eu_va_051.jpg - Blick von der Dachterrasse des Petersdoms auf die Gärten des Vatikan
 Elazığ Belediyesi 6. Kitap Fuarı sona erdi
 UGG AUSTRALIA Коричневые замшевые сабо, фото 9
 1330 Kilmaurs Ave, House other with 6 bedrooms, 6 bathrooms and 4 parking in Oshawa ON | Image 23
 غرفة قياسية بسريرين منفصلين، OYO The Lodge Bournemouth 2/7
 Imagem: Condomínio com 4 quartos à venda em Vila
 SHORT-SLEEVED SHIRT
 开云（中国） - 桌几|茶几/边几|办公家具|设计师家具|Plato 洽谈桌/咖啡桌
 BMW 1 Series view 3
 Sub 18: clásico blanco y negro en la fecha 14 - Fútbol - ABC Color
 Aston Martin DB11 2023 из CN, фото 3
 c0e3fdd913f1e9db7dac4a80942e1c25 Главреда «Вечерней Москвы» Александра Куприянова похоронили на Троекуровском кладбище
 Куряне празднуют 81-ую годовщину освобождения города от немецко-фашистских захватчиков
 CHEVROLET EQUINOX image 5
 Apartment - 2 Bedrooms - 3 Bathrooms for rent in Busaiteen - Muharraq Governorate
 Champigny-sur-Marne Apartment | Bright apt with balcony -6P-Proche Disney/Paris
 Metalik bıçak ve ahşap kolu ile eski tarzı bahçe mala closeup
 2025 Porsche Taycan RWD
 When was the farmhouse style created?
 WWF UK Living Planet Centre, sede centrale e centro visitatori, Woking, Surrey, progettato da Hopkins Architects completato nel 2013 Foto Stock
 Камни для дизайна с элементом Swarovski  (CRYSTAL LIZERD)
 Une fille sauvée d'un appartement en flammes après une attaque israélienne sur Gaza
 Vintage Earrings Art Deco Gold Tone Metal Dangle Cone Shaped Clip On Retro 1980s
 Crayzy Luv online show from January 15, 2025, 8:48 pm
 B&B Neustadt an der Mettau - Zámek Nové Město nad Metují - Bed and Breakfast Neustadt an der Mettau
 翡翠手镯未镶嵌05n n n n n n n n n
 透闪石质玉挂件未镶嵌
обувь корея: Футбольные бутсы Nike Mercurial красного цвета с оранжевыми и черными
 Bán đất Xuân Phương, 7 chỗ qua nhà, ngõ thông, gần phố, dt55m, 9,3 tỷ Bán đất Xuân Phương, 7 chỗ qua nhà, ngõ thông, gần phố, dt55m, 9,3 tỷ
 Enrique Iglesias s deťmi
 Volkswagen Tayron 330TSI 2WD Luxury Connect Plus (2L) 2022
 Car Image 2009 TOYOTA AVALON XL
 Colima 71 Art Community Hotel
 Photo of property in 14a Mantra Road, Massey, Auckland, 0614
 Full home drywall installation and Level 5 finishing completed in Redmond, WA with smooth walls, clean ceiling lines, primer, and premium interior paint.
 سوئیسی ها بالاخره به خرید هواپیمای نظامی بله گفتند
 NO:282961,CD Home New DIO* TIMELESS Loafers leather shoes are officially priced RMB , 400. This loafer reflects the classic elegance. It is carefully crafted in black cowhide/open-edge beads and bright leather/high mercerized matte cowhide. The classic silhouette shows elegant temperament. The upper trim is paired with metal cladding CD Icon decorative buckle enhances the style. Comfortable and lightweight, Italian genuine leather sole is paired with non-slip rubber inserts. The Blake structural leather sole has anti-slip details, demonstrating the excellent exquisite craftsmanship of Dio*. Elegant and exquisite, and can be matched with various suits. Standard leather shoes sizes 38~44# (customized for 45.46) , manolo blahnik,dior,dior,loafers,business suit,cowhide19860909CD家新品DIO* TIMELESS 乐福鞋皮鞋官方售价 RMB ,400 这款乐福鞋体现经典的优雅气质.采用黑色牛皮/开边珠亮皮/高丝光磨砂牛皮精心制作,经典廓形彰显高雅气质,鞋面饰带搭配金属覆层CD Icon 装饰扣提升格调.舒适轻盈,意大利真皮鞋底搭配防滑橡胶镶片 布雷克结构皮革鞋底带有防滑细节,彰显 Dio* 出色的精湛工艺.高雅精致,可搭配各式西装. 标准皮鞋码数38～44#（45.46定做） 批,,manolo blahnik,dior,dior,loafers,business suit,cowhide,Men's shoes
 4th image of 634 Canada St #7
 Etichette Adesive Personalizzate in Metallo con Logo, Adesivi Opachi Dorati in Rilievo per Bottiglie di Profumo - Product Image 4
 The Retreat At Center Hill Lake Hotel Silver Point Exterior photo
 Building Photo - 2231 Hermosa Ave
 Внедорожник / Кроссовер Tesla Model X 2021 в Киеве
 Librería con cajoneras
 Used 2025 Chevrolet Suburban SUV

◇ ◇ ◇ ◇

▸ Task instructions: Your answer must be an exact copy of every record.

▸ Output of the exercise:
eu_va_051.jpg - Blick von der Dachterrasse des Petersdoms auf die Gärten des Vatikan
 Elazığ Belediyesi 6. Kitap Fuarı sona erdi
 UGG AUSTRALIA Коричневые замшевые сабо, фото 9
 1330 Kilmaurs Ave, House other with 6 bedrooms, 6 bathrooms and 4 parking in Oshawa ON | Image 23
 غرفة قياسية بسريرين منفصلين، OYO The Lodge Bournemouth 2/7
 Imagem: Condomínio com 4 quartos à venda em Vila
 SHORT-SLEEVED SHIRT
 开云（中国） - 桌几|茶几/边几|办公家具|设计师家具|Plato 洽谈桌/咖啡桌
 BMW 1 Series view 3
 Sub 18: clásico blanco y negro en la fecha 14 - Fútbol - ABC Color
 Aston Martin DB11 2023 из CN, фото 3
 c0e3fdd913f1e9db7dac4a80942e1c25 Главреда «Вечерней Москвы» Александра Куприянова похоронили на Троекуровском кладбище
 Куряне празднуют 81-ую годовщину освобождения города от немецко-фашистских захватчиков
 CHEVROLET EQUINOX image 5
 Apartment - 2 Bedrooms - 3 Bathrooms for rent in Busaiteen - Muharraq Governorate
 Champigny-sur-Marne Apartment | Bright apt with balcony -6P-Proche Disney/Paris
 Metalik bıçak ve ahşap kolu ile eski tarzı bahçe mala closeup
 2025 Porsche Taycan RWD
 When was the farmhouse style created?
 WWF UK Living Planet Centre, sede centrale e centro visitatori, Woking, Surrey, progettato da Hopkins Architects completato nel 2013 Foto Stock
 Камни для дизайна с элементом Swarovski  (CRYSTAL LIZERD)
 Une fille sauvée d'un appartement en flammes après une attaque israélienne sur Gaza
 Vintage Earrings Art Deco Gold Tone Metal Dangle Cone Shaped Clip On Retro 1980s
 Crayzy Luv online show from January 15, 2025, 8:48 pm
 B&B Neustadt an der Mettau - Zámek Nové Město nad Metují - Bed and Breakfast Neustadt an der Mettau
 翡翠手镯未镶嵌05n n n n n n n n n
 透闪石质玉挂件未镶嵌
обувь корея: Футбольные бутсы Nike Mercurial красного цвета с оранжевыми и черными
 Bán đất Xuân Phương, 7 chỗ qua nhà, ngõ thông, gần phố, dt55m, 9,3 tỷ Bán đất Xuân Phương, 7 chỗ qua nhà, ngõ thông, gần phố, dt55m, 9,3 tỷ
 Enrique Iglesias s deťmi
 Volkswagen Tayron 330TSI 2WD Luxury Connect Plus (2L) 2022
 Car Image 2009 TOYOTA AVALON XL
 Colima 71 Art Community Hotel
 Photo of property in 14a Mantra Road, Massey, Auckland, 0614
 Full home drywall installation and Level 5 finishing completed in Redmond, WA with smooth walls, clean ceiling lines, primer, and premium interior paint.
 سوئیسی ها بالاخره به خرید هواپیمای نظامی بله گفتند
 NO:282961,CD Home New DIO* TIMELESS Loafers leather shoes are officially priced RMB , 400. This loafer reflects the classic elegance. It is carefully crafted in black cowhide/open-edge beads and bright leather/high mercerized matte cowhide. The classic silhouette shows elegant temperament. The upper trim is paired with metal cladding CD Icon decorative buckle enhances the style. Comfortable and lightweight, Italian genuine leather sole is paired with non-slip rubber inserts. The Blake structural leather sole has anti-slip details, demonstrating the excellent exquisite craftsmanship of Dio*. Elegant and exquisite, and can be matched with various suits. Standard leather shoes sizes 38~44# (customized for 45.46) , manolo blahnik,dior,dior,loafers,business suit,cowhide19860909CD家新品DIO* TIMELESS 乐福鞋皮鞋官方售价 RMB ,400 这款乐福鞋体现经典的优雅气质.采用黑色牛皮/开边珠亮皮/高丝光磨砂牛皮精心制作,经典廓形彰显高雅气质,鞋面饰带搭配金属覆层CD Icon 装饰扣提升格调.舒适轻盈,意大利真皮鞋底搭配防滑橡胶镶片 布雷克结构皮革鞋底带有防滑细节,彰显 Dio* 出色的精湛工艺.高雅精致,可搭配各式西装. 标准皮鞋码数38～44#（45.46定做） 批,,manolo blahnik,dior,dior,loafers,business suit,cowhide,Men's shoes
 4th image of 634 Canada St #7
 Etichette Adesive Personalizzate in Metallo con Logo, Adesivi Opachi Dorati in Rilievo per Bottiglie di Profumo - Product Image 4
 The Retreat At Center Hill Lake Hotel Silver Point Exterior photo
 Building Photo - 2231 Hermosa Ave
 Внедорожник / Кроссовер Tesla Model X 2021 в Киеве
 Librería con cajoneras
 Used 2025 Chevrolet Suburban SUV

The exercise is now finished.